Johnston's sculptures and drawings have been exhibited widely in California, most recently in the Consilience of Art & Science exhibition at the Pence Gallery in Davis, California, and at San Jose's ZeroOne Biennial event, SubZero. She has also had work shown in New York, Connecticut, Georgia, Massachusetts, North Carolina and abroad. Her work can be found in the permanent collection of the Icheon World Ceramic Center and has been recognized by the World Ceramic Biennial, South Korea with a diploma of honor and a medal of honor. She has also been recognized by the Marin Society of Artists with an award of merit.

Born in California, Johnston holds a BFA from San Jose State University and MFA from the California College of the Arts (CCA).

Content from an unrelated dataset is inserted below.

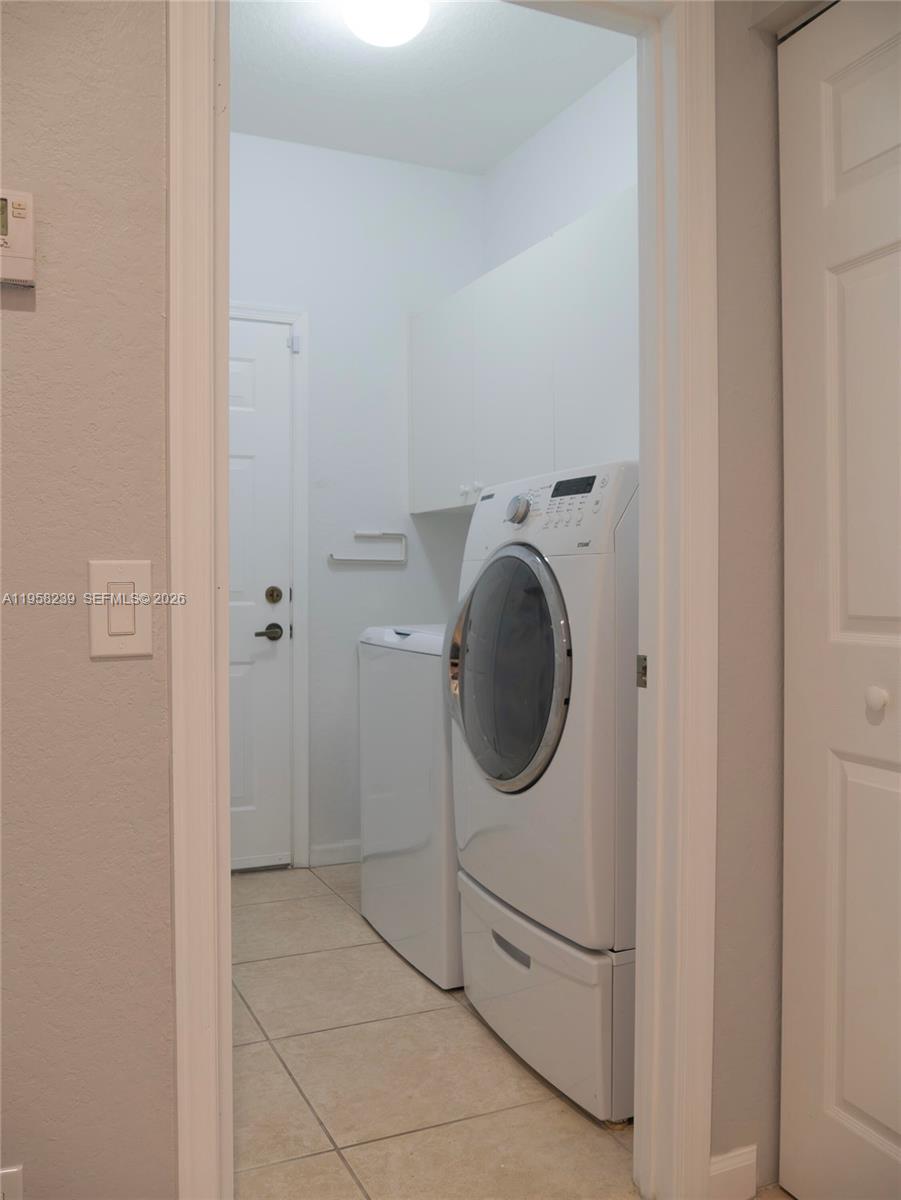 SECTOR 7-PARCEL N-2 - Residential Lease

She continues to sculpt out of her studio in San Francisco, CA.

Lee Sonko is a machine artist, entrepreneur and one of the founding members of SWARM. He is a faculty member in the Kinetics and Electronics Department at The Crucible in Oakland California and a member of the the San Francisco based Flaming Lotus Girls art group. Lee has partipated in SWARM from inception, proposal, design, fabrication, re-fabrication (as is always the case), administration, organization. Some other projects that Lee has made significant contributions to include The Serpent Mother, a 170' long fire breathing skeletal serpent built with the Flaming Lotus Girls and Colossus, an impossibly agile 25 ton kinetic sculpture built with Zachary Coffin. He has also designed various microelectronics projects for professional and recreational use.

Lee has presented on art and technology before numerous audiences including Google IO, Robogames, The Coachella Music Festival, Hacker Dojo, Maker Faire, Burning Man, The Head-Royce School, Yuri's Night, and Noisebridge.